Col de Vars (2,108 m), Col de la Cayolle (2,326 m) and the climb to Valberg (1,430m)
The Col de Vars from Guillestre was a pleasure to ride up and the last of the climbs I’ve done on previous trips. The Vars ski stations are attractive villages and the views back towards the high Alps are spectacular.
We were held up by a serious accident on the descent. A motorcyclist had hit a car in a tunnel. The emergency services were there in force including an air ambulance. It looked pretty bad. The road was closed and we felt awful pushing our bikes past the scene, but there was space and we wouldn’t have achieved anything by waiting. The experience slowed us down on the rest of the day’s descents, we all felt quite mortal.
We bought lunch in a supermarket in the market town of Barcelonette which we ate in one of the town’s many squares. Barcelonette is a vibrant little community with shops and a street market. It looked like it would have been a good place to stay had it not been lunchtime.
The early part of the Col de la Cayolle takes you through a steep-sided gorge before climbing through fields to its summit at 2,326m. We saw of first celebrity of the trip here, Oleg Tinkov, the owner and main sponsor of Tinkoff-Saxo pro cycling team. He was riding down the col towards Barcelonette. I broke another spoke on the climb which I replaced at the top. The descent is one of the most famous balcony roads in the Alps. Balcony roads are the ones cut into the sides of sheer cliffs – not much fun for people with a fear of heights, but they’re great for photographs.
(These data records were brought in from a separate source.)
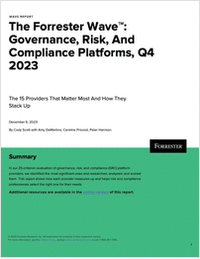 The Forrester Wave™: Q4 2023 Governance, Risk, And Compliance Platforms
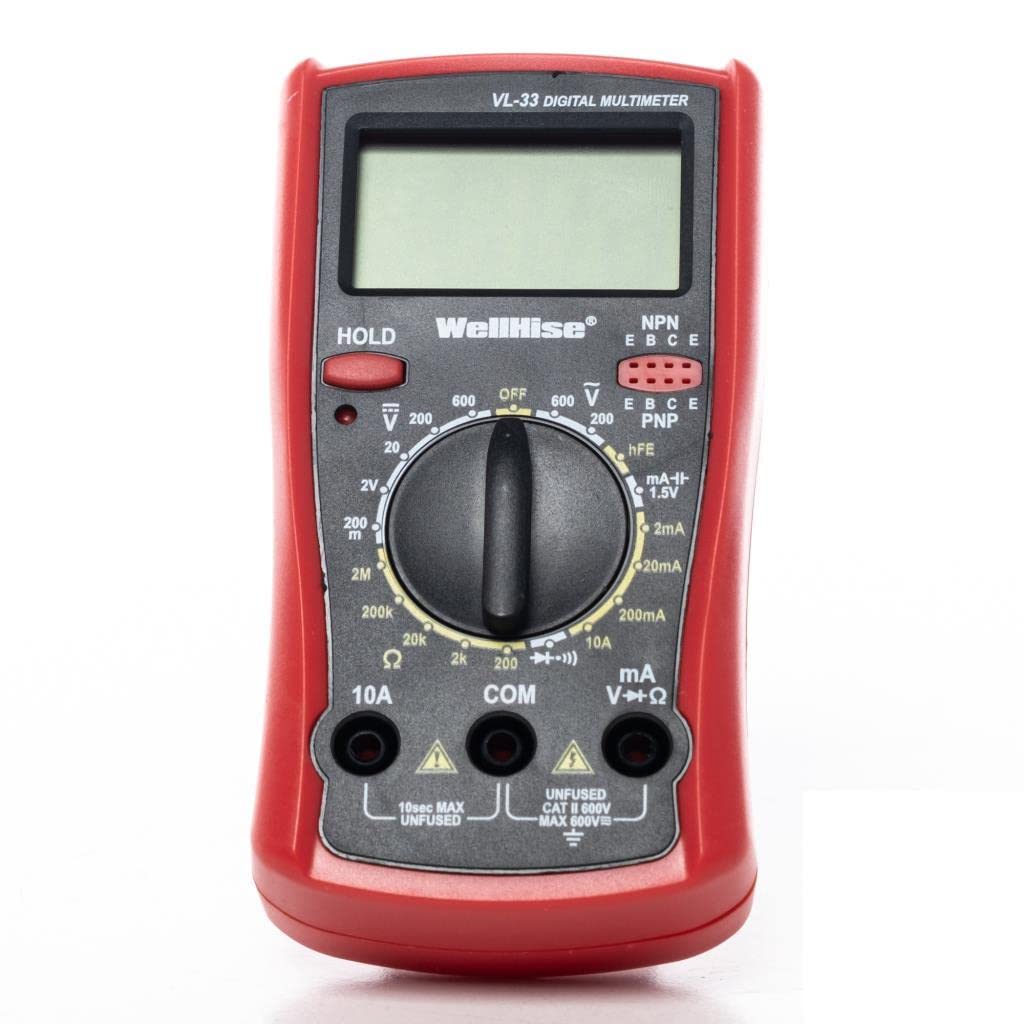 WellHise VL-33 Digital Multimetre Ölçü Aleti Avometre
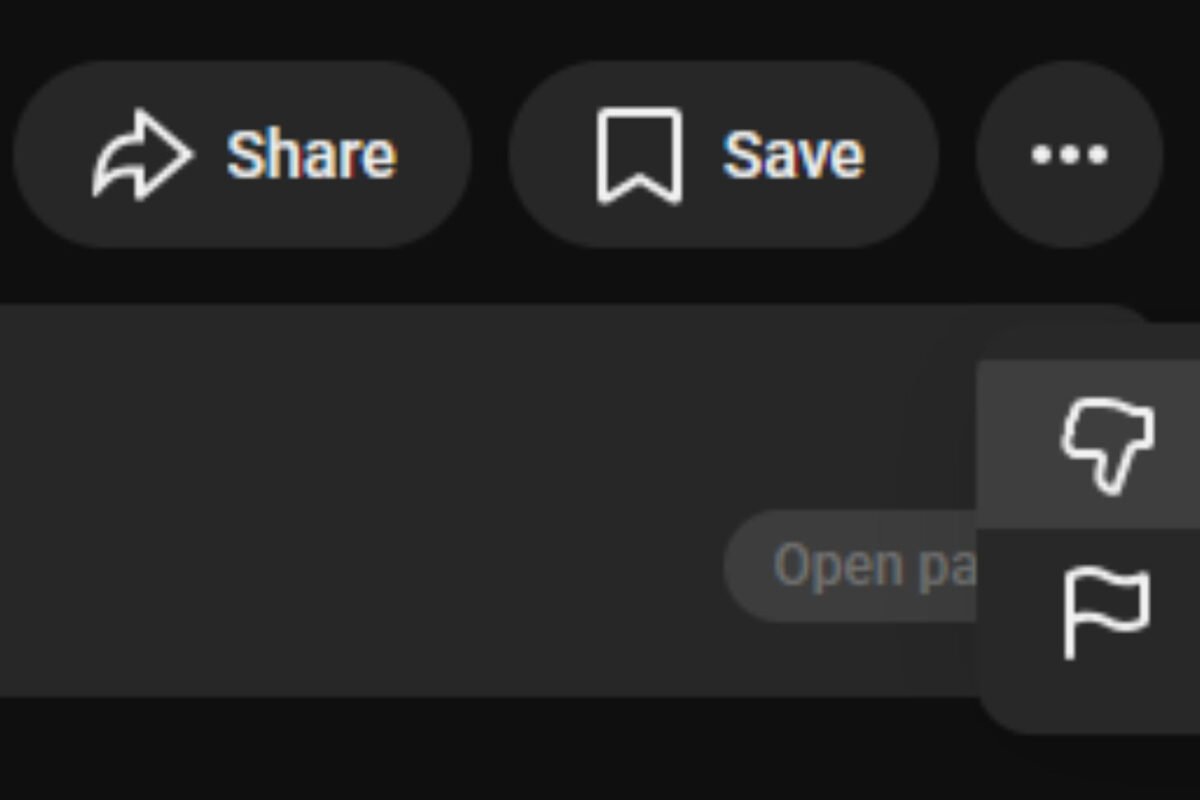 YouTube tests hiding Dislike button on regular videos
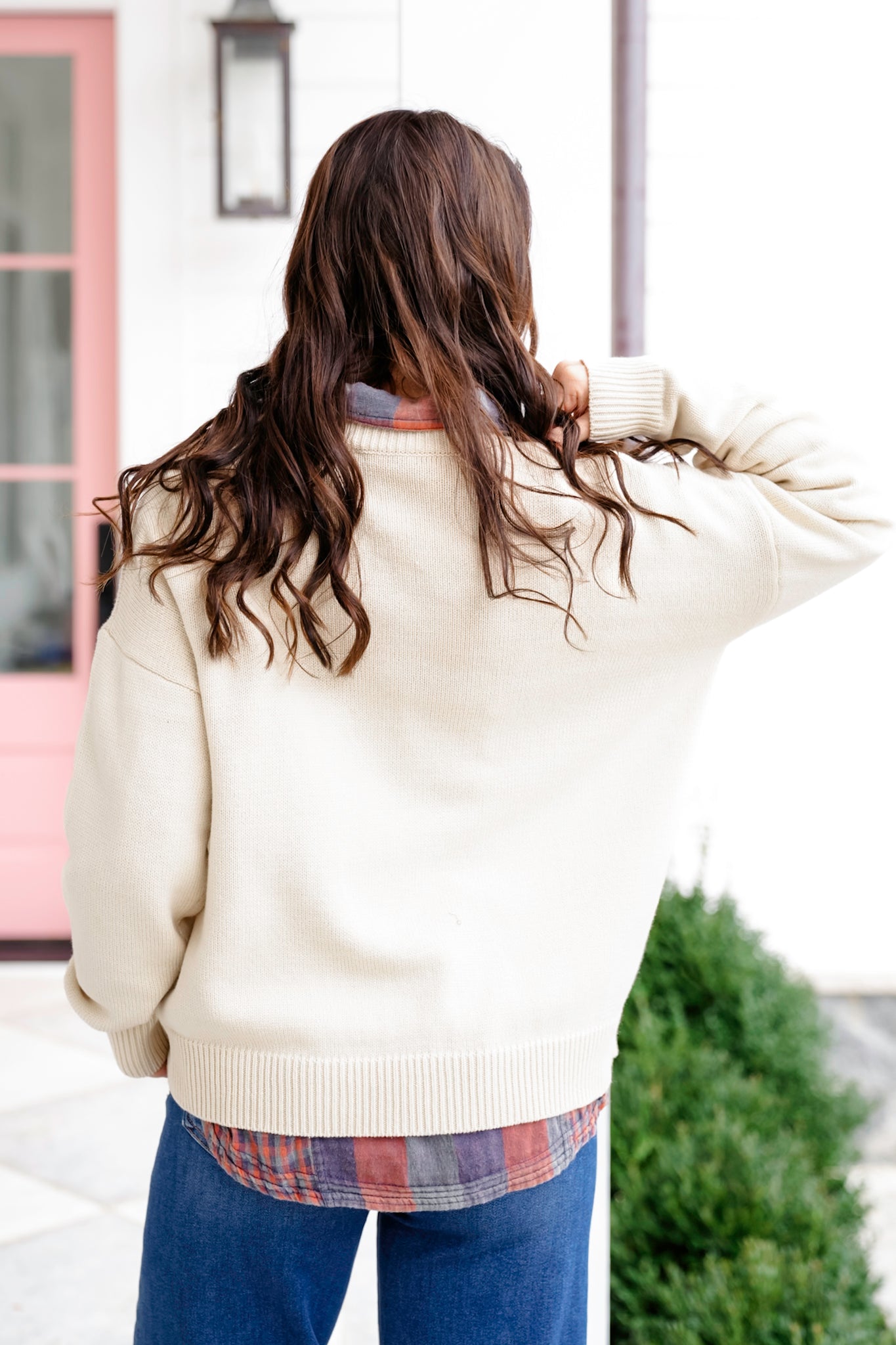 Knit Long Sleeve "Whiskey Weather" Sweater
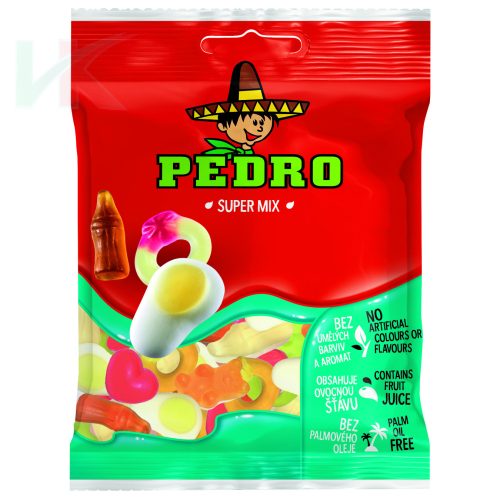 Pedro super gumicukor mix 80g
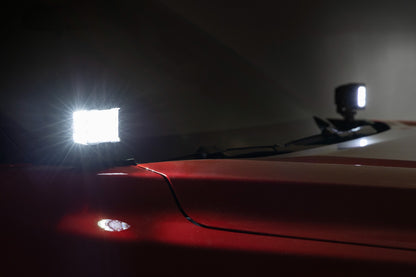 LED Light Kit | Ditch Mount | 2" Black Pair | White DRL | Toyota Tundra (22-26)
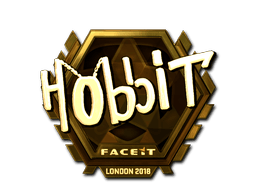 Samolepka (Hobbit zlatá London 2018)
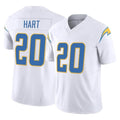 Parkc LA.Chargers #20 Cam Hart Player White Limited Vapor F.U.S.E. Home Game Stitched Jerseys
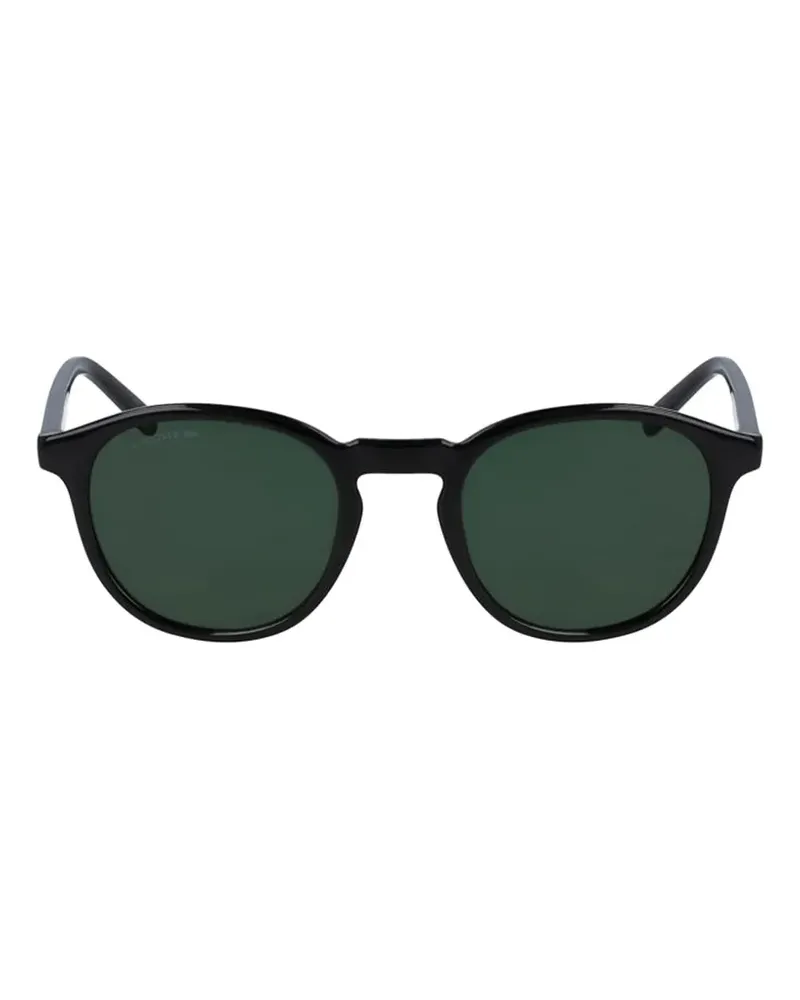 Lacoste round-frame sunglasses - Schwarz Schwarz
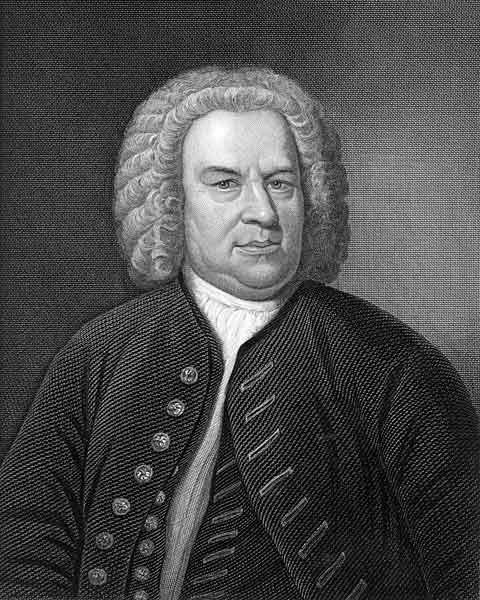 Portrait of Johann Sebastian Bach, German composer à (d'après) Elias Gottleib Haussmann
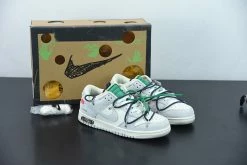 Fit Sporting Goods Off-White X Nike Dunk Low “20 Of 50” Grey White Green For Sale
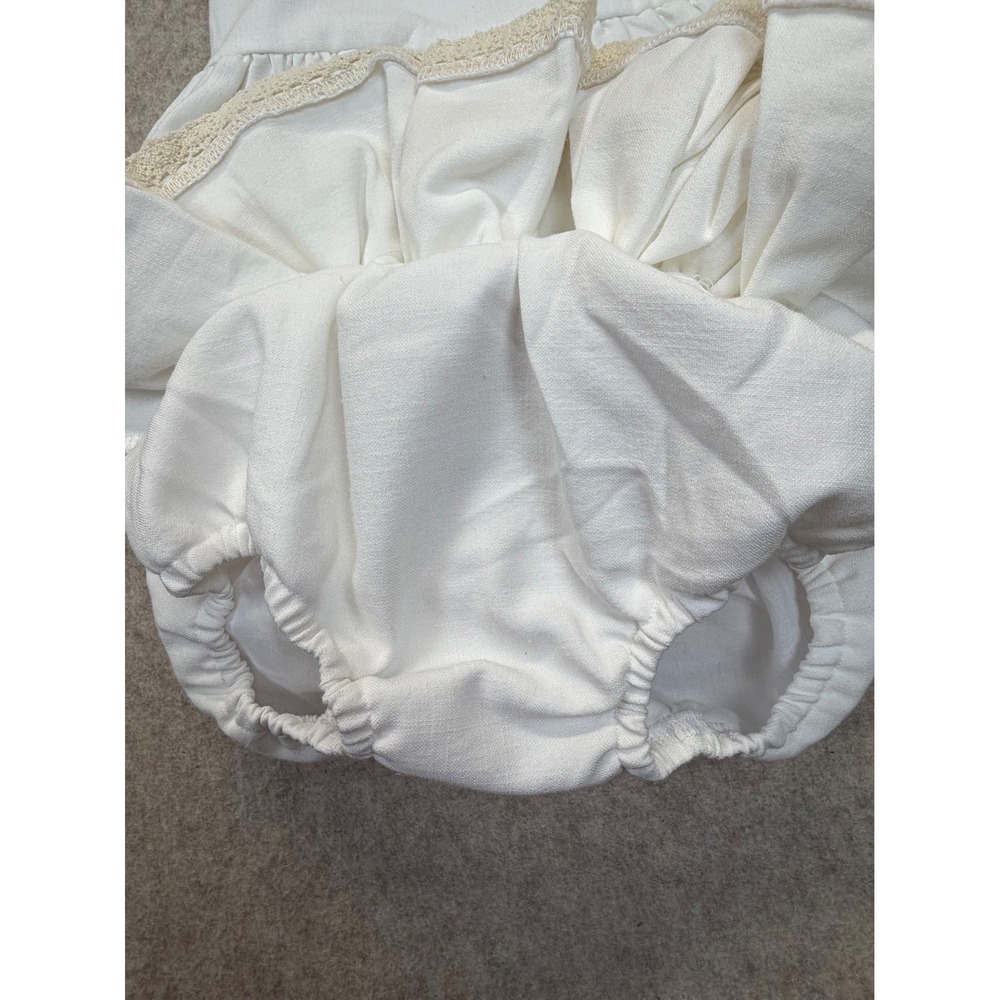 Sugar Dumplin Kids 2pc Set Baby Girl 3M Ivory Ruffle Lace Halter Bloomers - Picture 7 of 8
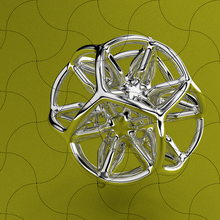 geométrico modelo 038 joyería joya figura 3d multa impresión colgante pendiente oro joyeria fina imprimir dije 3d print model - Mito3D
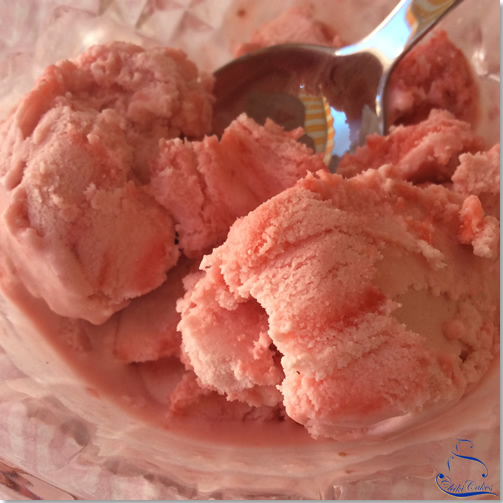 Helado de Fresas al Cava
We took a turn signposted to Valberg which took us up a quiet climb through forests. We stopped in a reasonable sized town called Péone for refreshments before continuing the climb. It was blisteringly hot on the lower slopes and I started to suffer from the dreaded hot-foot. I poured water from my bidons on my shoes to try and cool my feet. The road to Valberg was very quiet and we can’t have seen more than two cars in the space of an hour. I began to wonder whether there was going to be anything up there when we arrived. Just realised why I started this paragraph the way I did. The turn we took to Valberg wasn’t part of the official route, we should’ve taken the next turning. The route we took was probably better through, almost traffic free.
Luke got to the town first and was eating a slice of pizza outside a café when we arrived. The proprietor recommended we try the large building opposite his bar for accommodation. They had an apartment we could rent for a reasonable price which included breakfast.
Valberg is a purpose built ski station and although it does have a short summer season in July and August it was almost deserted in June. Almost all of the restaurants and bars were closed as was the local supermarket. Encouraged by a sign saying “Ouvrir tout l’année” we tried a pizza restaurant only to find this was closed too. The busiest place in town appeared to be a hotel called Le Chalet Suisse where the convoy of classic cars that have been shadowing us were parked outside. The hotel’s restaurant was fairly busy and the atmosphere buzzing. We ate well.